Articulating the Arts: Off The Wall
Articulating the Arts is Articulate's signature series, where we share works from other art forms to our playwrights and let it inspire them to write new theatre works. For "Off the Wall" we gave them the classic paintings that you see below. For info on what they created, check out the AtA Production Page.
INTERESTING TIDBITS ABOUT THESE PAINTINGS
Thanks to our crack research team -Liz Richards, Lisa Barri and Karen Ann Ledger- here's some items of interest about the paintings.
Peter Paul Reubens, "Massacre of the Innocents" (1611) Reubens’ work depicts the episode of the biblical massacre of the innocents of Bethlehem, as related in the gospel of Matthew. It is the moment when Herod sends his soldiers to kill infants in case one of them should be the Messiah. Antwerp, where Rubens lived, was a city haunted by the horrors of war. This painting uses the biblical scene to depict Reubens’ world. The violence is shoved in our face by a theatrical presentation, at the very front of which, pressed horribly towards us, is a fleshy tangle of clawing fingers, plunging swords and murdered babies.

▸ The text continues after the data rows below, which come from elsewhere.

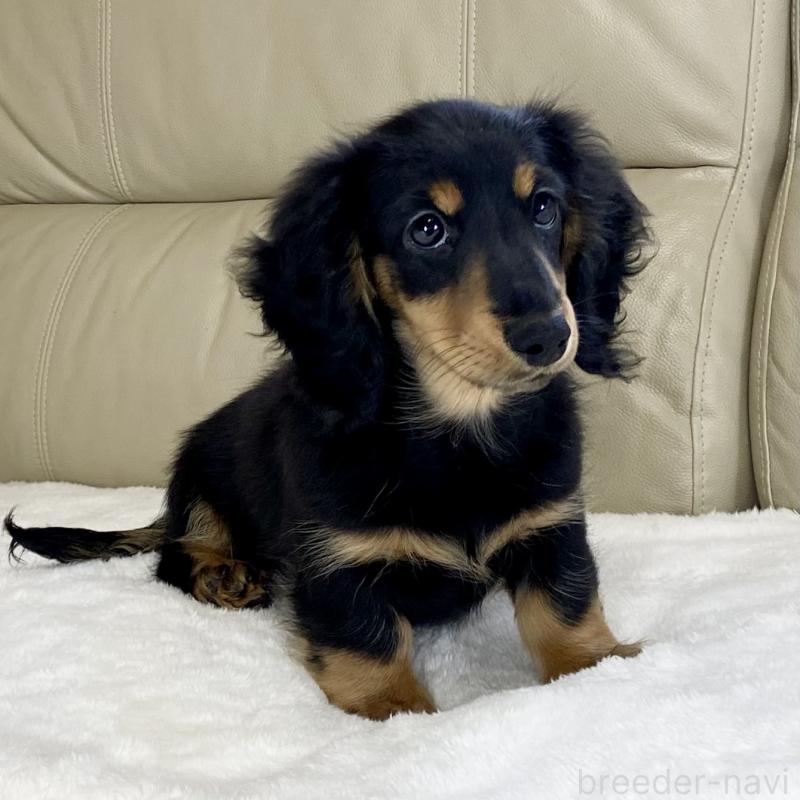 販売中の茨城県のミニチュアダックスフンド(ロングヘアード)-426964の15枚目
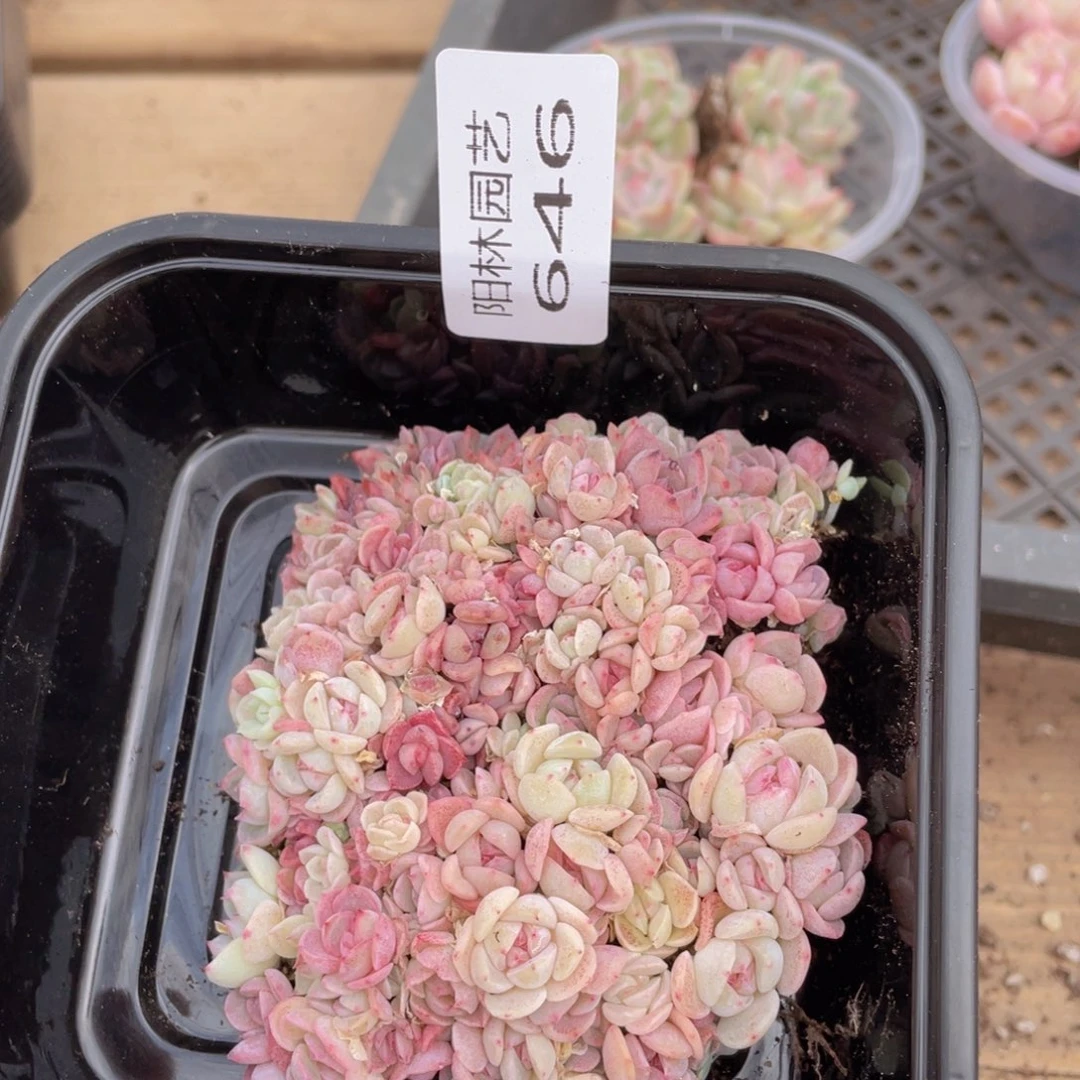 多肉植物多肉植物646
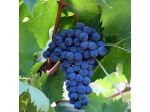 Uva da vino
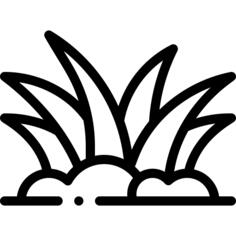 草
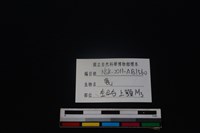 梅花鹿骨藏品圖，第4張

Berthe Morisot - Children With a Bowl (1886) Morisot painted what she experienced on a daily basis. Her paintings reflect the 19th-century cultural restrictions of her class and gender. She avoided urban and street scenes as well as the nude figure and, like her fellow female Impressionist Mary Cassatt, focused on domestic life and portraits in which she could use family and personal friends as models. Paintings like The Cradle, in which she depicted current trends for nursery furniture, reflect her sensitivity to fashion and advertising, both of which would have been apparent to her female audience. Her works also include landscapes, portraits, garden settings and boating scenes. Born into a family of wealth and culture, Morisot received the conventional lessons in drawing and painting. She went firmly against convention, however, in choosing to take these pursuits seriously and make them her life's work. Having studied for a time under Camille Corot, she later began her long friendship with Edouard Manet, who became her brother-in-law in 1874 and was the most important single influence on the development of her style. Unlike most of the other impressionists, who were then intensely engaged in optical experiments with color, Morisot and Manet agreed on a more conservative approach, confining their use of color to a naturalistic framework. Morisot, however, did encourage Manet to adopt the impressionists' high-keyed palette and to abandon the use of black. Her own carefully composed, brightly hued canvases are often studies of women, either out-of-doors or in domestic settings. Morisot and American artist Mary Cassatt are generally considered the most important women painters of the later 19th century.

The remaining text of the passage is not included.